Barack Obama was the first African-American president of the Harvard Law Review. The NY Times carried a story about this in Februrary 1990, which included a few quotes from Obama:
"The fact that I've been elected shows a lot of progress," Mr. Obama said today in an interview. "It's encouraging." "But it's important that stories like mine aren't used to say that everything is O.K. for blacks. You have to remember that for every one of me, there are hundreds or thousands of black students with at least equal talent who don't get a chance," he said, alluding to poverty or growing up in a drug environment... On his goals in his new post, Mr. Obama said: "I personally am interested in pushing a strong minority perspective. I'm fairly opinionated about this. But as president of the law review, I have a limited role as only first among equals." Therefore, Mr. Obama said, he would concentrate on making the review a "forum for debate," bringing in new writers and pushing for livelier, more accessible writing.

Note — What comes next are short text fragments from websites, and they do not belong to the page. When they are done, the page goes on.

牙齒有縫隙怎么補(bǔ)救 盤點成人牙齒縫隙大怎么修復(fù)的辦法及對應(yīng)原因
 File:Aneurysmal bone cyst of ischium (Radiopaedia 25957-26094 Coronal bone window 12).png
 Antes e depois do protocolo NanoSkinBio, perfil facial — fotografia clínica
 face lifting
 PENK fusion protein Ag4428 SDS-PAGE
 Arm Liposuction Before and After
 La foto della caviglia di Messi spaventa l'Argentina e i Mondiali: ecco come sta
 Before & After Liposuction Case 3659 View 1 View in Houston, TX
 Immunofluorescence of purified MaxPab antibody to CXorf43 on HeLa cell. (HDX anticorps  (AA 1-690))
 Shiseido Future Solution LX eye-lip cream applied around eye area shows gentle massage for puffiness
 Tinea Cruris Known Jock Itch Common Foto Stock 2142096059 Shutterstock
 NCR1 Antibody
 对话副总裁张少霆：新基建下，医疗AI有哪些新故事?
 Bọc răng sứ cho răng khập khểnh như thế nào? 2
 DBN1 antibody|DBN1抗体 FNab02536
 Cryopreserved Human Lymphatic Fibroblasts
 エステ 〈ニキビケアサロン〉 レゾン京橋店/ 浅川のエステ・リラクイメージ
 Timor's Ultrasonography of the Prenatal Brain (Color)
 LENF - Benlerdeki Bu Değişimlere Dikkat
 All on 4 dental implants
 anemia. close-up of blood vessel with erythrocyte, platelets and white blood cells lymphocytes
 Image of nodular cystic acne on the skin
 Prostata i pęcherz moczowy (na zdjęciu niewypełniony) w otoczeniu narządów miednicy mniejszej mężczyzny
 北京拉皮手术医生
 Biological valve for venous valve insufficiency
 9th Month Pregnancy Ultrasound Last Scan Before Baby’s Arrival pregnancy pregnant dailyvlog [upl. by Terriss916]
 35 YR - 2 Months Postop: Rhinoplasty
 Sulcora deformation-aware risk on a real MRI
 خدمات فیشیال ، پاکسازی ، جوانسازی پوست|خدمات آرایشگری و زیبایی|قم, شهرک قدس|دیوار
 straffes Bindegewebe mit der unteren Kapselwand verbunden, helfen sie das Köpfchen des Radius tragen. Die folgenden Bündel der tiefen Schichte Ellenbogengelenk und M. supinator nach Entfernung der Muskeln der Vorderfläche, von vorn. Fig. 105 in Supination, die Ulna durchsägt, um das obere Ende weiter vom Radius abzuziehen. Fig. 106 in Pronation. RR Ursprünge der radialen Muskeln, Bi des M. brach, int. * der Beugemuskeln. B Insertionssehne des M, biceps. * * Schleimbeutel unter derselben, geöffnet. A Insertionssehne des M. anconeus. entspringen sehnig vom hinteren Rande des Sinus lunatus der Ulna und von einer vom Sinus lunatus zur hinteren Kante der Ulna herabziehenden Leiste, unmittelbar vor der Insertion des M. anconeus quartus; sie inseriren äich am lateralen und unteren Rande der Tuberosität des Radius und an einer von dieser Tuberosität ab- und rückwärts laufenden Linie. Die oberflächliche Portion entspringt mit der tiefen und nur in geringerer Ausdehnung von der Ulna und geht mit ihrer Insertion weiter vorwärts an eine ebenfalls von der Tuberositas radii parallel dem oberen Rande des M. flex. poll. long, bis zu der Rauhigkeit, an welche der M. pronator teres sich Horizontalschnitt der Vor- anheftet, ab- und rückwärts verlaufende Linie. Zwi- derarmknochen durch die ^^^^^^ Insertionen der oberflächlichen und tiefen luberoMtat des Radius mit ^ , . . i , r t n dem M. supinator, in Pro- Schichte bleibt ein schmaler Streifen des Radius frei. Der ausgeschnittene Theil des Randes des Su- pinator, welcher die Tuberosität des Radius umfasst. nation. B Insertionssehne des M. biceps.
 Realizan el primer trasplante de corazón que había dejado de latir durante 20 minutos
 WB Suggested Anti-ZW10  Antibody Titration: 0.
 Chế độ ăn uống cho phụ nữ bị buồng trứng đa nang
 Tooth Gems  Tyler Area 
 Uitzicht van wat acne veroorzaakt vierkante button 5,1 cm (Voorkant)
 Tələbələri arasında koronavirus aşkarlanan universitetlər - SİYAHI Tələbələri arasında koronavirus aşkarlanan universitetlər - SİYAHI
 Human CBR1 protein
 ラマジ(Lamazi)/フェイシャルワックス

For what it's worth, a quick look at volume 104 of the Harvard Law Review suggests that not surprisingly given the genre, Obama didn't succeed in publishing "livelier, more accessible writing." But with regard to "new writers," the extremely prestigious Supreme Court term Foreword that year was written by Robin West, now of Georgetown, but who was then a professor at University of Maryland. Prof. West, moreover, didn't have the typical pedigree, having graduated from University Maryland Law School (yes, in theory completely irrelevant to her credentials to write the Foreword, but if I know my elite law review editors, something that gave many of them significant pause.) More typically, the Review invited Guido Calabresi (dean, Yale), Kathleen Sullivan (professor, Harvard), and Morton Horwitz (professor, Harvard) to write the next three years' Forewords. Prof. West is a very prolific, influential scholar, and was an inspired choice from outside the usual group of elite law school professors the HLR would consider. Call this the Obama effect, perhaps, though I'd be interested in hearing from readers who were editors that year about his effect on HLR culture.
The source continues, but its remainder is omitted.